Problem description: Copy out each line of the material that includes the word "مصباح".

Data block:

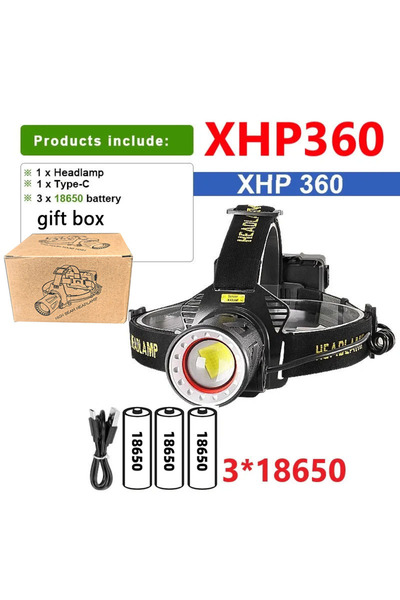 Choice3 علبة هدايا XHP360
مصباح أمامي فائق السطوع ذو 36 نواة
مصباح أمامي LED ...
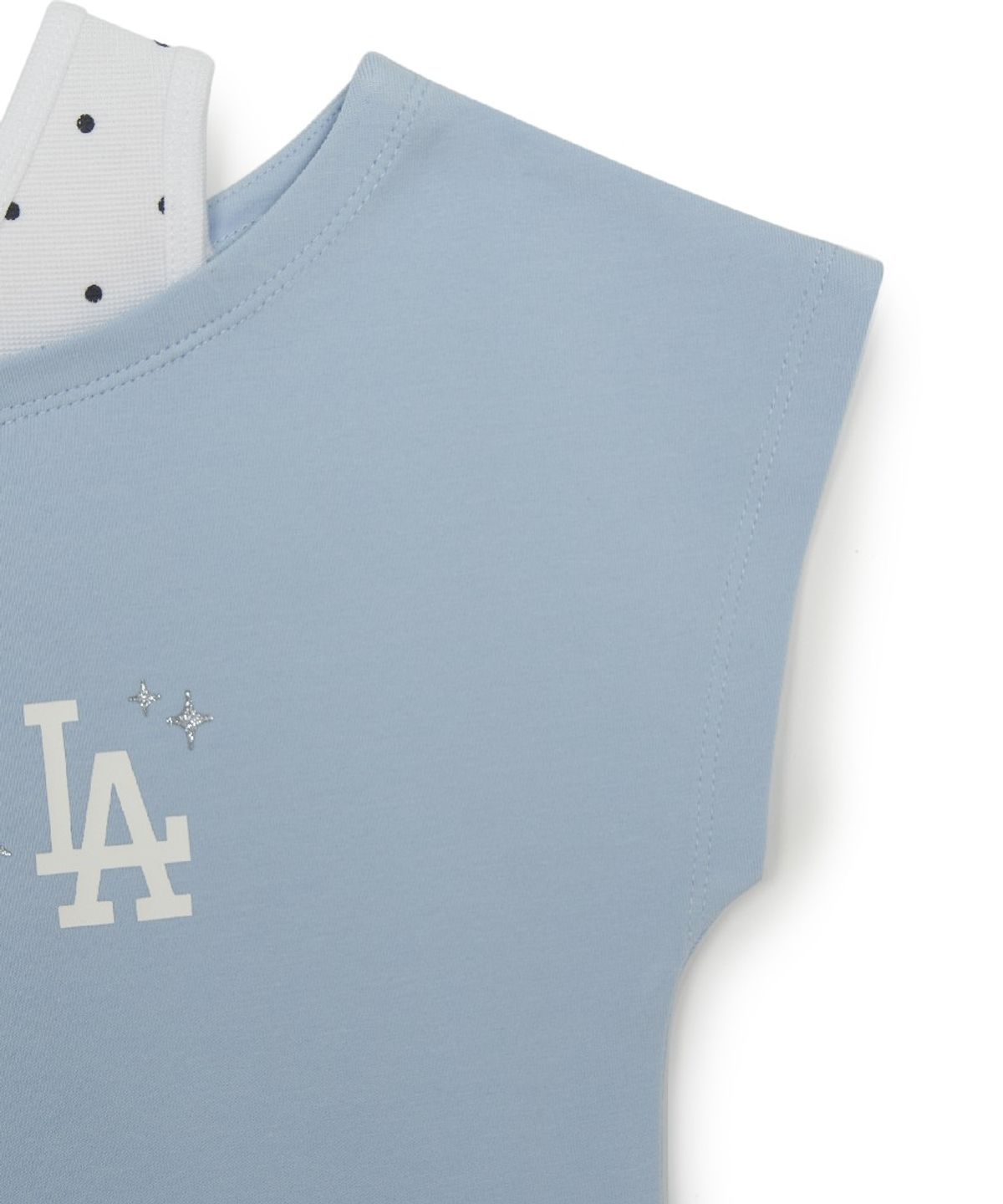 엠엘비 키즈(MLB KIDS) 스트릿 걸즈 나시 레이어드 티셔츠 LA (Sky blue)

Exercise result:
مصباح أمامي فائق السطوع ذو 36 نواة
مصباح أمامي LED ...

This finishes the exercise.